--- START ---

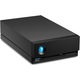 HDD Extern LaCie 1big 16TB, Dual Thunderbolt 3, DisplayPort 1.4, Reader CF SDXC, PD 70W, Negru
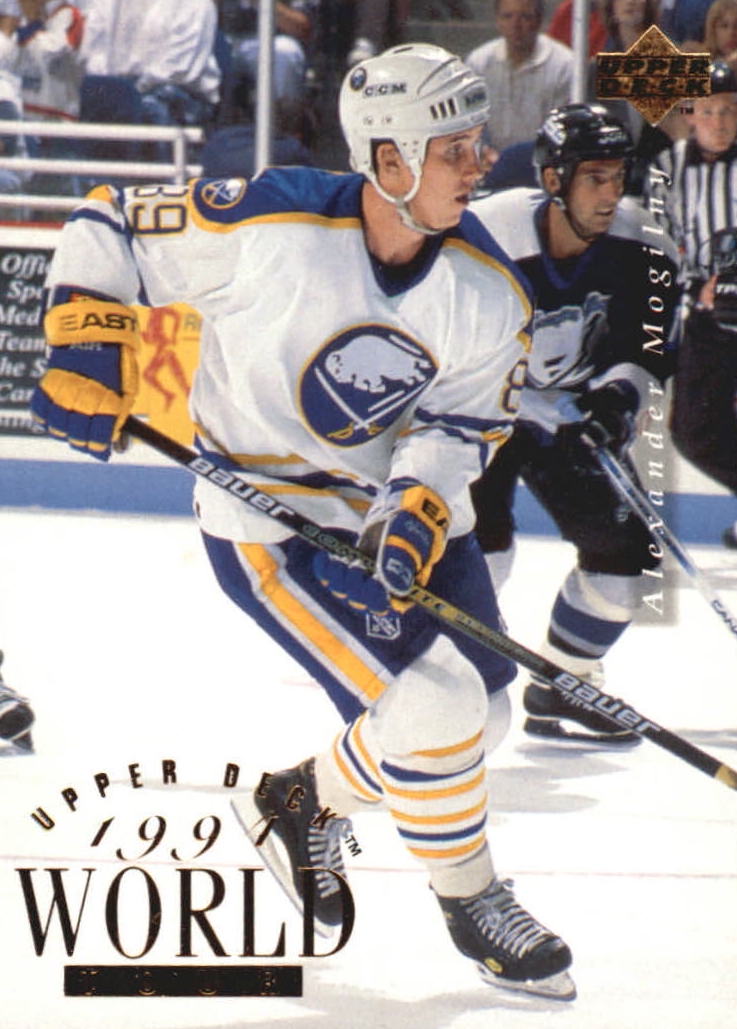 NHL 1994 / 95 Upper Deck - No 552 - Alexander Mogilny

--- END ---
--- START ---

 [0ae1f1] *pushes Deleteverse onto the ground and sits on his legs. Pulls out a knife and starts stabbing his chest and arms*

--- END ---

• WHAT YOU SHOULD DO
With pictures omitted, repeat the entries above word for word from the line holding "HDD Extern LaCie" down to the line holding "NHL 1994 / 95", keeping both of those lines.

• SOLUTION FOR THIS TASK
 HDD Extern LaCie 1big 16TB, Dual Thunderbolt 3, DisplayPort 1.4, Reader CF SDXC, PD 70W, Negru
 NHL 1994 / 95 Upper Deck - No 552 - Alexander Mogilny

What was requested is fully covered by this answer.